ADRIAN: Well it was all the negative side, it was all why did she leave? How could a mother do that? And just listening to the stories, I'm sure, you know, all of the ladies that have spoken, it's the women that actually ask the questions. It's the women that judge. And I got, I got asked so many questions and I didn't really care, I just say well she's gone, she's got another job, she's got another guy, that's it.
JENNY BROCKIE: Why do you think there's such judgment about women leaving their children rather than about men who leave their children far more often?
ADRIAN: I think it's the societal thing, I think it's the belief that, you know, there's this maternal bond and so a mother can't leave their children.
JENNY BROCKIE: Anne, you're a psychiatrist, you specialise in the mental health of mothers and their children. Given the idea of the mother child bond, which is real, you know, women carry the baby for nine months?
DR ANNE SVED WILLIAMS: Absolutely.
JENNY BROCKIE: Is there actually any evidence that the kids of mothers who leave fare worse than the kids of fathers who leave?
DR ANNE SVED WILLIAMS: Absolutely not. I don't believe that there's been any research done on that and what's important to say is that the stories we've heard tonight is that the mothers have left often because they care about their children, not because they don't care and that's been a striking feature I think of what's happening here. That they've left because of perhaps domestic violence, because of mental illness, because of other factors, because terrible disharmony in a marriage and understanding that children brought up in that sort of tension and turmoil, they don't do well with it. There is plenty of evidence about that. But can dads parent? Yeah, they can parent. I actually think it's a program like this that brings these issues out into the open that shows in our sort multifaceted society that actually there are choices and so long as we understand individual stories, we can actually appreciate the pain and passion that goes with it all.
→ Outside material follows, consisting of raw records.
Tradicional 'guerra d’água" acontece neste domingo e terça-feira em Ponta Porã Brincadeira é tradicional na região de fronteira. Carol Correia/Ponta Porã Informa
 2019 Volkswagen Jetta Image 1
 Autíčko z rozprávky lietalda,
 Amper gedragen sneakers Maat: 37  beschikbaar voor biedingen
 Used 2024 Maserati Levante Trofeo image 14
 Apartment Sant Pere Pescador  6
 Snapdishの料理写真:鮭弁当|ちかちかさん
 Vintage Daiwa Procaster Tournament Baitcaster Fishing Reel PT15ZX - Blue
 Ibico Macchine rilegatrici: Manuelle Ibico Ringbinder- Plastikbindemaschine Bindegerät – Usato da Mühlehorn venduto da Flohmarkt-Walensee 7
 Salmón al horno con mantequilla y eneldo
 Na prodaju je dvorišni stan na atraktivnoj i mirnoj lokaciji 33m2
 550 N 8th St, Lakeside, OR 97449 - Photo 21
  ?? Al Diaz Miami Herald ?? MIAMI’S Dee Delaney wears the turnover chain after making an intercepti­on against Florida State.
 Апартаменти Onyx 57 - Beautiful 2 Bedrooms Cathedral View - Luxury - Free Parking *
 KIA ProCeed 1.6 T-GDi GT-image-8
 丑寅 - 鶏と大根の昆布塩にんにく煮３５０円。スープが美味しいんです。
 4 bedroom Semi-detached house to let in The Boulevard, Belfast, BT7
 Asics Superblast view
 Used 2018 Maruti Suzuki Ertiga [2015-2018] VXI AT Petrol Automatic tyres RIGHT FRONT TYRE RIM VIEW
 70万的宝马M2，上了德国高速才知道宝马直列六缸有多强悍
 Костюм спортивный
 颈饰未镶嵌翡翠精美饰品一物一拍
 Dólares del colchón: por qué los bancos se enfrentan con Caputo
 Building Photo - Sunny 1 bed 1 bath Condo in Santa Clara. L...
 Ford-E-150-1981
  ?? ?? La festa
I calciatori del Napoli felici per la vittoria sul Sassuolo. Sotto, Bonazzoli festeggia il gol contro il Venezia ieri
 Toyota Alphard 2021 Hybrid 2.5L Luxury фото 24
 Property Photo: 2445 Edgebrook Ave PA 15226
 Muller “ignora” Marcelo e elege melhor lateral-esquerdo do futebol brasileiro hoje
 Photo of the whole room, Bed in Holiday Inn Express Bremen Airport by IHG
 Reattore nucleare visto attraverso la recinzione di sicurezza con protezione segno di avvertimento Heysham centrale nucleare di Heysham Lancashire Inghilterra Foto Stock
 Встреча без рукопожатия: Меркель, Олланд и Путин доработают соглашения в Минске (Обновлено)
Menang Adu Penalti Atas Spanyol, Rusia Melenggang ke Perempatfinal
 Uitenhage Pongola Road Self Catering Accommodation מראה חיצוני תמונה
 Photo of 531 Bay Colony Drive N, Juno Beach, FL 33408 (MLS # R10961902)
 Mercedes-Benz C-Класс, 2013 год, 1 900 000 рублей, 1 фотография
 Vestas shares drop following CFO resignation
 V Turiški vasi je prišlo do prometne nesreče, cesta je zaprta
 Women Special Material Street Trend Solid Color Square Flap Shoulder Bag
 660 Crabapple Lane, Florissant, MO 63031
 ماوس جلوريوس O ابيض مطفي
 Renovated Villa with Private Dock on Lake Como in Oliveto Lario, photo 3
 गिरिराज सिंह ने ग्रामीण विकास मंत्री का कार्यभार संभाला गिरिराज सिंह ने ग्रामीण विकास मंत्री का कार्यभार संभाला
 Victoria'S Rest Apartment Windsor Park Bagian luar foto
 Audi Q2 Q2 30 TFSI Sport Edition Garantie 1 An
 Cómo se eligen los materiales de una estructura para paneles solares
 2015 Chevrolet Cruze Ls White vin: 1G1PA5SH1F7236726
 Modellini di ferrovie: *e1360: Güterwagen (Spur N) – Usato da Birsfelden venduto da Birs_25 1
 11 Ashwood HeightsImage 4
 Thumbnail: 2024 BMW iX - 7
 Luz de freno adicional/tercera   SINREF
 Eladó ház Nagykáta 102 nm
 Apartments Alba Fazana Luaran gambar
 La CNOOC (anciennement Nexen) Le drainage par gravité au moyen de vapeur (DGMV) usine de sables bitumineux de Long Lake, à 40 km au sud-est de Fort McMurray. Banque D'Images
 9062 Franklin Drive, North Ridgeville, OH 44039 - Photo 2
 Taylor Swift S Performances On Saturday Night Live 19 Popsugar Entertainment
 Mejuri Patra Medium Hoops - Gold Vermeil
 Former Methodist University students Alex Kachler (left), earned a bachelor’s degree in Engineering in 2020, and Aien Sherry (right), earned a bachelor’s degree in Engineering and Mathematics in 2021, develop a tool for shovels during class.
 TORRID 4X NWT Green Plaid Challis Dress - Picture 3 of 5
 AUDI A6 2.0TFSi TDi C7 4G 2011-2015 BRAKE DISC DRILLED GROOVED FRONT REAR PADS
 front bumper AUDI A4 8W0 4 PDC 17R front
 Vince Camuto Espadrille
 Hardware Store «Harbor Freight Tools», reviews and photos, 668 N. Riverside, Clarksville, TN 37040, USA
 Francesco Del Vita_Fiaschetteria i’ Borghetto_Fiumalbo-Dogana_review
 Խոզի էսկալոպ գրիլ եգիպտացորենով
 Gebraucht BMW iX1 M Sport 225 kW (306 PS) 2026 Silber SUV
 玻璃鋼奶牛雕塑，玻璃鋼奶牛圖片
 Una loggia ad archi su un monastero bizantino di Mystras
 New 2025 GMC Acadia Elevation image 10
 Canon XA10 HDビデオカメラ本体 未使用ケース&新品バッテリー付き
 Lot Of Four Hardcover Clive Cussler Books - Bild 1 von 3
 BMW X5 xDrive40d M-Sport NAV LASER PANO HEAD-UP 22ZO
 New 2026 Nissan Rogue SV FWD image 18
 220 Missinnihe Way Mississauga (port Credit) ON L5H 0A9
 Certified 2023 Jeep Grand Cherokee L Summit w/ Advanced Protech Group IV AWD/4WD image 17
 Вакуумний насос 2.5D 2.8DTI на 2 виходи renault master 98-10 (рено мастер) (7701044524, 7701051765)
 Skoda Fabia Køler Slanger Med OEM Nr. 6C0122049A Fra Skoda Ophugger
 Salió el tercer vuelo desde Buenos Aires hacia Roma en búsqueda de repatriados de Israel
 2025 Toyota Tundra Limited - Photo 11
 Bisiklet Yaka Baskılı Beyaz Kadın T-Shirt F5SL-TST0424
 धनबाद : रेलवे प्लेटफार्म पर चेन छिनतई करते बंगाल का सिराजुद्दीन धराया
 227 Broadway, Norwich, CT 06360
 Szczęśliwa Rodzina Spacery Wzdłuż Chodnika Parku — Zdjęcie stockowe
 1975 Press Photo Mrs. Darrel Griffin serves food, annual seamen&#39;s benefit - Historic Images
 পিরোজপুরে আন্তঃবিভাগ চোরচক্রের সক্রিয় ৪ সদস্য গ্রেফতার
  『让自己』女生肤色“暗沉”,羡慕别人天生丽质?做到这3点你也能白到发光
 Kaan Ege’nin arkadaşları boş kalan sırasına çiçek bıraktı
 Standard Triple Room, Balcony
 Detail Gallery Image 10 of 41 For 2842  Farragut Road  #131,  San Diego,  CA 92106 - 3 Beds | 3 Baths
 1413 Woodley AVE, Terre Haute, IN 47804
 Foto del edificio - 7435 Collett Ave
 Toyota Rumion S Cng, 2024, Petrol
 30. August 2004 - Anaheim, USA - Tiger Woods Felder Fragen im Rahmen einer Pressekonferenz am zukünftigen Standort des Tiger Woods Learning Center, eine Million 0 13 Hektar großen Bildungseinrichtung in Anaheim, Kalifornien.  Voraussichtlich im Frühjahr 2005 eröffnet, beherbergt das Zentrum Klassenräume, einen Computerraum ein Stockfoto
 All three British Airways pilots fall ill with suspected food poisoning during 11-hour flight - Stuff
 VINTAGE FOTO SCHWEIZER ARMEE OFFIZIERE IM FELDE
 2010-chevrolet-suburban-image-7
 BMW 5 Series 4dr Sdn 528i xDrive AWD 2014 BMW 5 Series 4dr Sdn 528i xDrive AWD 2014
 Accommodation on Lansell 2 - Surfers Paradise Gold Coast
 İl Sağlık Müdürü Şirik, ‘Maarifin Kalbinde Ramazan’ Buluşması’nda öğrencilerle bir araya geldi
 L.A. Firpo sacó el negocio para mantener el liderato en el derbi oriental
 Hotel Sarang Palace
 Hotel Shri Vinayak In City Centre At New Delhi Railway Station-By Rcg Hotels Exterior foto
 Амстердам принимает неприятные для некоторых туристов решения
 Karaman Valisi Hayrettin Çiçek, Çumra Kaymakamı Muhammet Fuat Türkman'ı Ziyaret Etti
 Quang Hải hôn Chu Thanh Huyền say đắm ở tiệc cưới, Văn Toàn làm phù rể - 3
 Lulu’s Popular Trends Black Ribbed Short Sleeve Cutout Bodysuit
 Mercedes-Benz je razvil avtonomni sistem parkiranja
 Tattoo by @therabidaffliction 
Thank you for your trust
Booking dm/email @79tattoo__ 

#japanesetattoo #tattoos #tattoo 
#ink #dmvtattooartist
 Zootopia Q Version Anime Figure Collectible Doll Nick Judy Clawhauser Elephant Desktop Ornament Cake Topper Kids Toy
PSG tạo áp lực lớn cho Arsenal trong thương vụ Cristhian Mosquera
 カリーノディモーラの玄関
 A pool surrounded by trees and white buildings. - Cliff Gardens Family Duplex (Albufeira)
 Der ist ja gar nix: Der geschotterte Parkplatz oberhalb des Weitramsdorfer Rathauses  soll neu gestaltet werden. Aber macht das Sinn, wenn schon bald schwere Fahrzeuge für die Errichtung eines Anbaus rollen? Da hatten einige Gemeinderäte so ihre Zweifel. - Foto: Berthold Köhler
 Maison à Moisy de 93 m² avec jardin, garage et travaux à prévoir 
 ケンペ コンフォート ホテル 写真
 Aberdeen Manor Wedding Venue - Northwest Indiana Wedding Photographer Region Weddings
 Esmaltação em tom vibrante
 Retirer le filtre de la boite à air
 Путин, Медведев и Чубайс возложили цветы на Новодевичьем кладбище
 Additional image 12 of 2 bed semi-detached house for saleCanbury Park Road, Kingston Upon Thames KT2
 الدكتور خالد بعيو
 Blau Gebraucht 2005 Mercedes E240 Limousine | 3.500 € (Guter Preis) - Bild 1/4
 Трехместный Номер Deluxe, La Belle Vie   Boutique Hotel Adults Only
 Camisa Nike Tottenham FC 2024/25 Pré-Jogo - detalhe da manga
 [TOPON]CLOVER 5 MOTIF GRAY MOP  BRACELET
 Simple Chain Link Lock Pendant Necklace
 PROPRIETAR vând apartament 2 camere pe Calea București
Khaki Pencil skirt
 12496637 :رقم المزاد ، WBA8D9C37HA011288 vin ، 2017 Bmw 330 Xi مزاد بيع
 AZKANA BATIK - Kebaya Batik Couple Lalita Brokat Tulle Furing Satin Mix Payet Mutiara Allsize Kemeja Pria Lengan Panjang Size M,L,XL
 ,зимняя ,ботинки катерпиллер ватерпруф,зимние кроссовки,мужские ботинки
JENNY BROCKIE: Adrian, what did you want to say?
ADRIAN: There is another side to this though and a lot of the stories we've heard have been very, very dramatic in break-ups. So my story is not dramatic in any break-up and so my only comment though is Zach is, Zach has three other siblings and his mum didn't just leave Zach, she left all the kids. And I've got to say though that there's, there's a point where you ask yourself are you being selfish in what you're doing and I can't answer that question.
JENNY BROCKIE: You ask yourself that question?
ADRIAN: The person that's leaving and in my situation, and for me what I experienced was a selfishness and a desire for something else, not because it was better for Zach. So what we've heard is I'm going to leave because it's better for my child. My situation is not that, it was not better or worse.
JENNY BROCKIE: It was leaving for another relationship?
ADRIAN: It was leaving for something else.
JENNY BROCKIE: Did you leave for yourself to some degree Shelley, in what way?
SHELLEY: I never actually thought about it until this program and some of the interviews they had, and it was, like, I have been thinking about it more and more and there had to have been a certain amount of me and it's about me, for me, to have done it, because I clearly wasn't being sacrificial in any way.
JENNY BROCKIE: Did you leave for another relationship
JENNY BROCKIE: Did anyone else leave for another relationship.
MELISSA: No, but I think left for me too. And that plagues me, like I still deal with the grief and the guilt on that.
SHELLEY: Oh, yeah.
MELISSA: And the guilt of wanting to have a happier life and it seems like at the expense of my children.
JENNY BROCKIE: Sarah, you've never known your birth mother or father at all, have you?
JENNY BROCKIE: Why?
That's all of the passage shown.